Подошел к столу нетвердой походкой, схватив ручку, которой еще недавно Лаврентий безуспешно пытался что-то написать. Занеся острие над головой и со страшным, нечеловеческим блеском в глазах направив его на Берию, Ежов надрывно прошептал:
— Мне оно не надо.
Все внутри Лаврентия давно обмерло. Придуманный мир рушился на глазах. Нечеловеческим усилием он встал, нависая над вмиг показавшимся беззащитным телом Ежова.
— Успокойтесь. Что не надо? Отвечайте.
— Я этого никогда не хотел, ясно тебе? П-помощи твоей блядской. Сам, блядь, знаю, как мне жить. Я сдохнуть хочу. Ш-шел б ты нах, — удивляясь, как он хотя бы это смог выговорить, Ежов вперил взгляд в не выражающие ничего глаза Берии, усиленно размышляя. — А ты… — он вновь перехватил перо поудобнее. — Тебе, с-скот, приказываю сдохнуть!
Грузно вздыхая, Лаврентий увернулся от замашки Ежова, падая на тяжелый пол. Песочный замок его мечт смыло яростной волной.
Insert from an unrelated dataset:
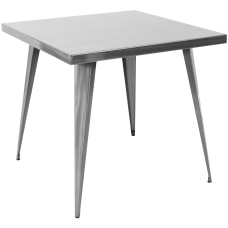 Lumisource Austin Industrial Dining Table Square
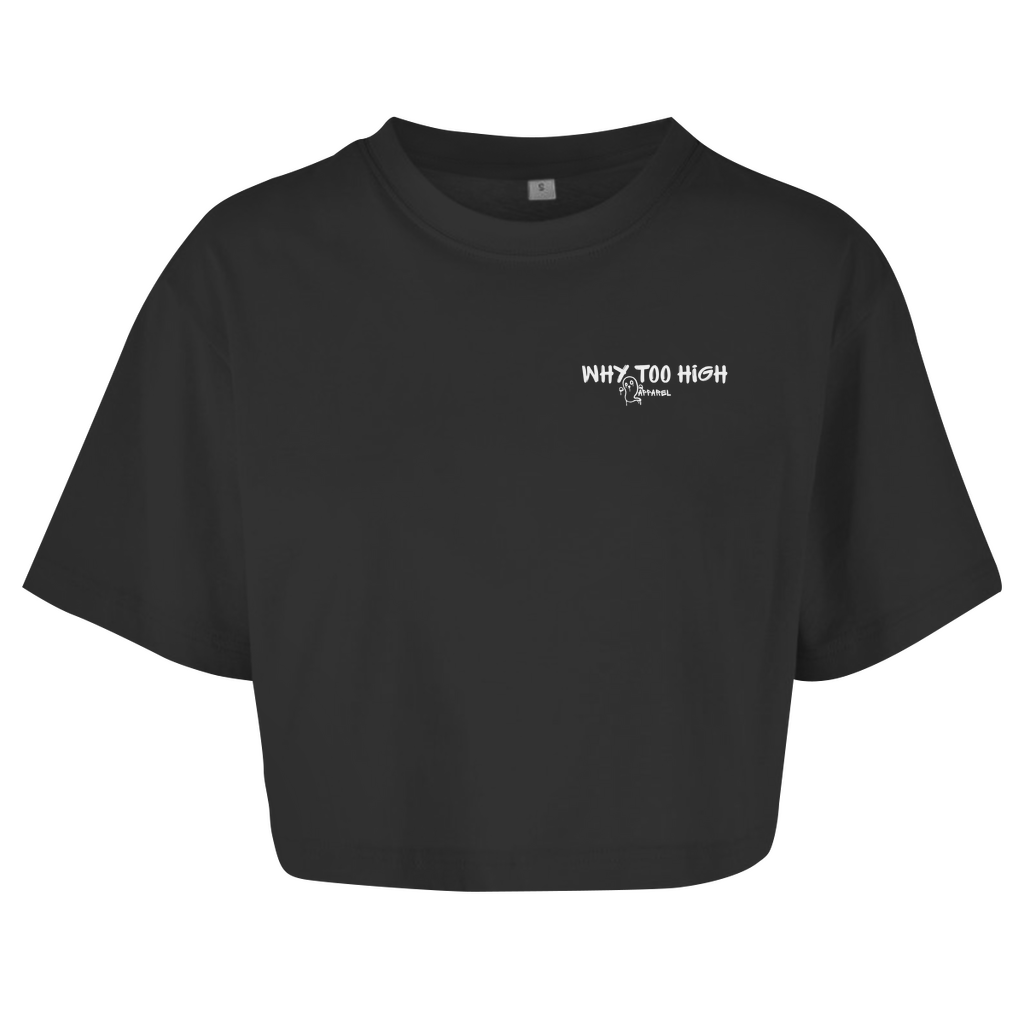 Damen Oversize Crop Top -  Heavenly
Не ценит. Не ценит кровавого пота и слез, скрытых от чужих глаз. Обращает в пепел. Затаптывает. Сколько он потерял лишь для того, чтобы он просто сейчас был жив и сидел на своем чертовом посту? Пелена гнева начала застилать глаза. Сколько он не спал? Сколько не видел белого света? Отталкиваясь от пола, Берия попытался встать, толкая Николая в грудь. Он сам не понимал, что с ним творится, но остановиться не мог. От неожиданности Николай разжал руку, даже не потрудившись запустить ручку в Лаврентия.
— Насрать тебе на все, да? И на меня тоже? — уже твердо стоя на ногах, Лаврентий вновь толкнул Ежова, наваливаясь на него всем своим весом. — Не понятно разве, на что я ради тебя, сволочь, пошел?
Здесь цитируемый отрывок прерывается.